Wheat straw ethanol (S5) achieves the strongest FuelEU performance, with a pre-2030 GHGI of 22.21 gCO2e/MJ and a post-2030 value of 22.52 gCO2e/MJ. This GHGI is more than the most stringent FuelEU 2050 target (18.23 gCO2e/MJ) by only 4.29 gCO2e/MJ. Therefore, the wheat straw scenario represents the only configuration in this study that satisfies both the IMO NZF and FuelEU near 2050 targets without requiring additional technological interventions such as carbon capture or blending with electrofuels. Achieving this performance level in practice, however, depends on maintaining the upstream emission intensity assumed for lignocellulosic ethanol production, which in turn requires rigorous supply chain management to prevent scope 1 and scope 2 emissions from escalating with production scale.
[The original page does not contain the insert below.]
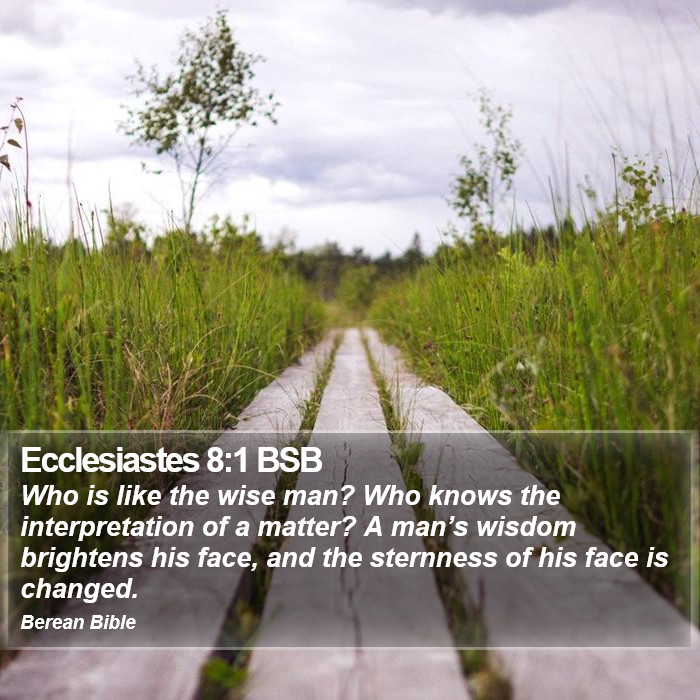 Ecclesiastes 8:1 BSB Bible Study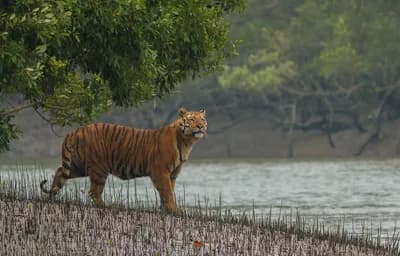 Sundarbans Wilderness Adventure: 3 Days of Mangrove, Rivers & Wildlife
Taken together, the GFI and GHGI analyses converge on three overarching regulatory conclusions. First, VLSFO is incompatible with both frameworks from their respective compliance start dates and becomes increasingly penalized as the intensity targets tighten. Second, LNG provides short-to-medium term compliance relief under both IMO NZF (Tier 1 compliance to ~2030) and FuelEU (compliance to ~2034–2039) but faces certain non-compliance beyond these horizons, rendering it a transitional rather than long-term solution. Third, all ethanol pathways except corn deliver structural long-term compliance under both frameworks across the full 2026–2050 horizon, with wheat straw ethanol demonstrating sufficient compliance margin to satisfy even the most ambitious 2050 targets. Corn ethanol satisfies all targets through 2044 but faces a compliance gap from 2045 under FuelEU, identifying the specific policy-relevant threshold at which feedstock upgrading becomes mandatory. These findings provide a quantitative evidence base for fuel transition decision-making that goes beyond the binary “compliant/non-compliant” framing typically applied in regulatory assessments.